October 13, 2019, Updated October 10, 2019

Immunotherapy is a promising cancer treatment that enhances the natural immune response.

A new study led by Dr. Yaron Carmi of Tel Aviv University’s Sackler Faculty of Medicine finds that a form of immunotherapy — chimeric antigen receptors (CAR) T-cell therapy, used to treat the blood cancer leukemia– may work against other kinds of cancer as well.

The study was published  recently in the Journal of Clinical Investigation.

“Chemotherapy damages all fast-growing cells, including hair follicles and cells that line the gastrointestinal tract, and this attack on healthy cells causes serious side effects, which include hair loss, nausea, mood changes, pain, anemia, nerve and muscle problems, and kidney issues,” explained Carmi.

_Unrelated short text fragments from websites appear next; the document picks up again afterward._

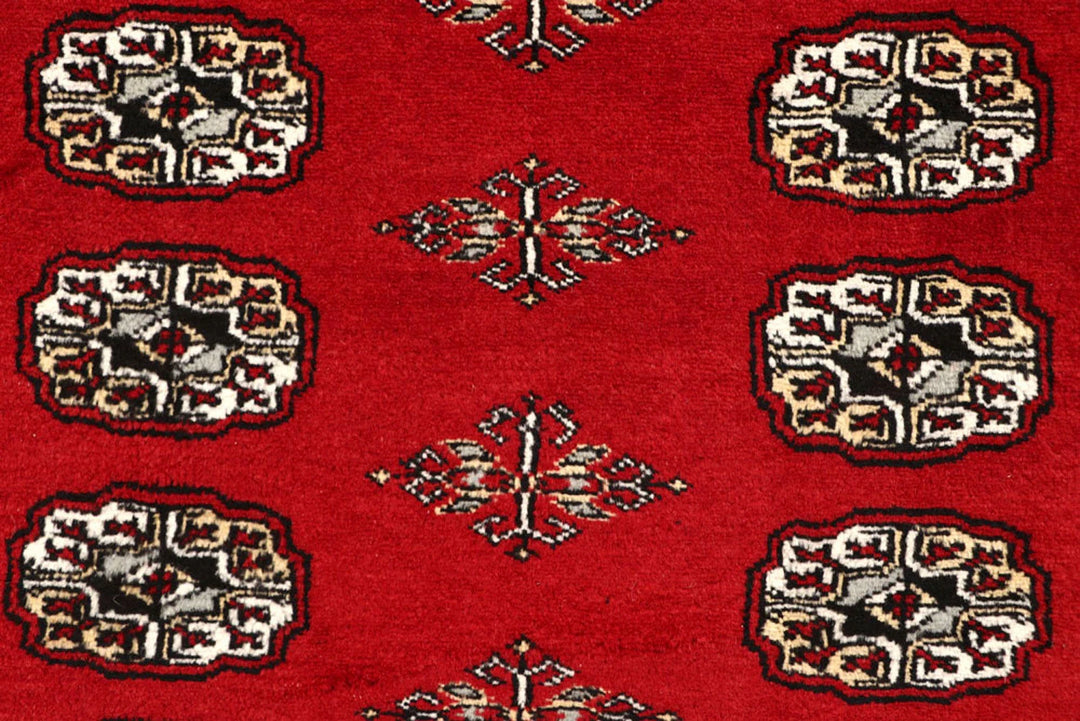 Red Pakistani Bokhara Rug 6' 2" x 8' 6" Hand-Knotted | No. QA55142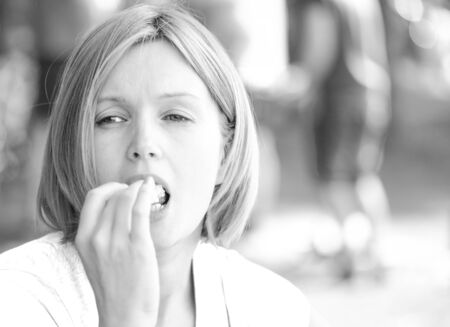 Portrait of young intelligent pretty woman. With an appetite, she eats a sandwich.  She is glad and happy. Summer picnic in forest. Closeup, natural lighting and a blurred background. Black & white.の写真素材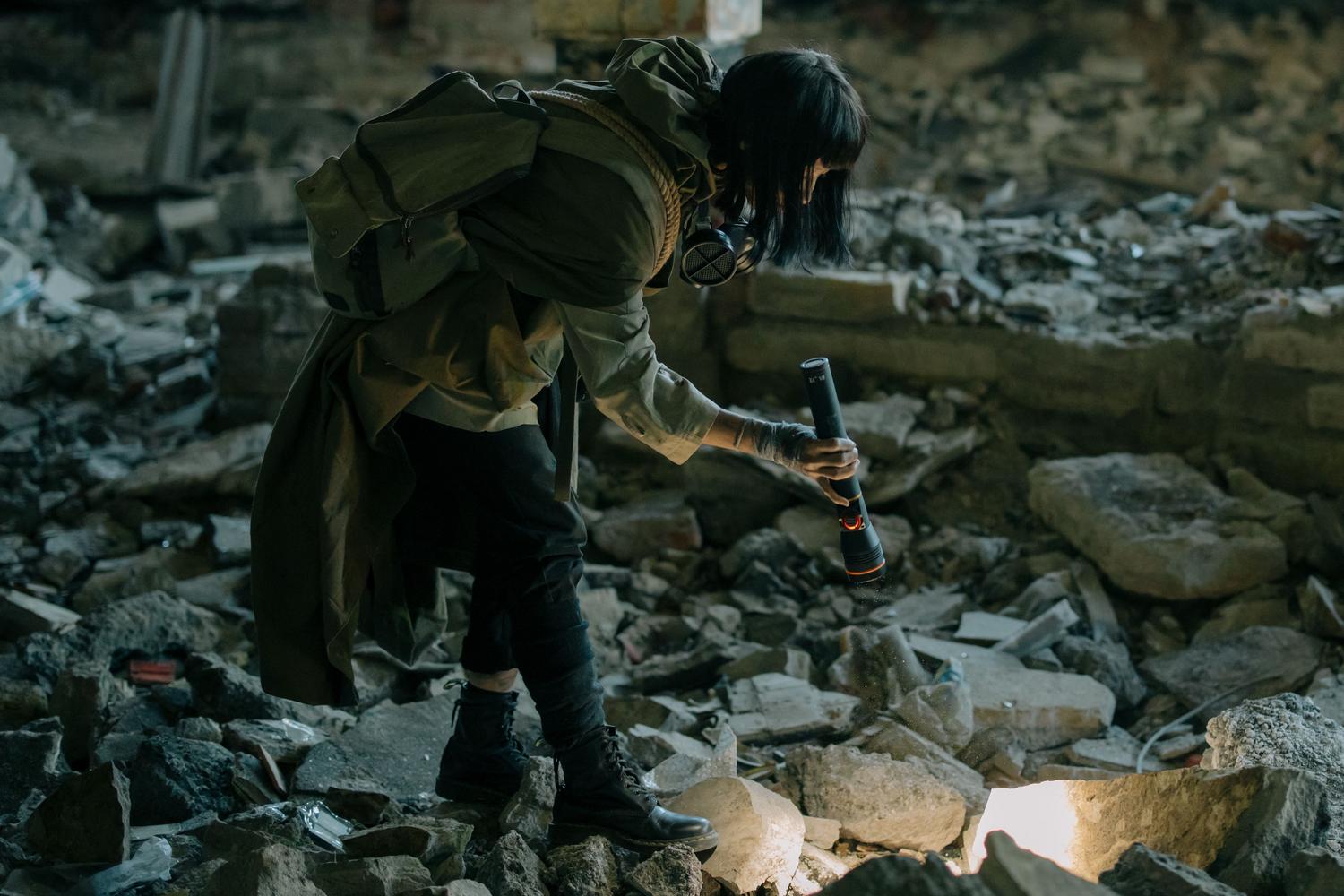 Exploración de ruinas urbanas con linterna en un entorno oscuro y devastado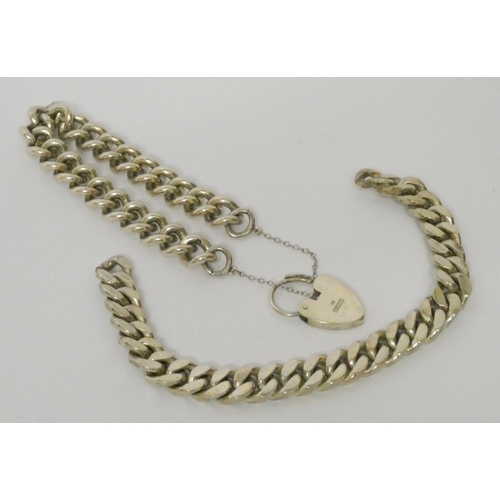 597 - A silver curb chain bracelet with heart shaped padlock fastening and a heavy gents silver bracelet. ... 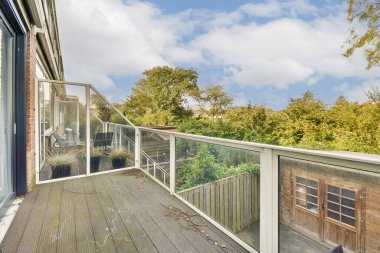 Cam parmaklıklı şık bir balkon canlı yeşillik ve doğal çevrenin davetkar bir görüntüsü, açık hava yaşam alanının vurgulanması.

“Immunotherapy, on the other hand, uses the body’s own immune system to seek out and destroy cancer cells. Engineered T cells have been proven very successful in treating blood cancer but attempts to use them to fight solid cancers have been disappointing,” he said. “Our engineered cells have now shown efficacy in attacking solid tumors as well.”

T cells are a type of white blood cell that is essential to the immune response. CAR T-cell therapy uses T cells collected from the patient and modified in the lab to attach to a specific antigen on the tumor cells and kill them.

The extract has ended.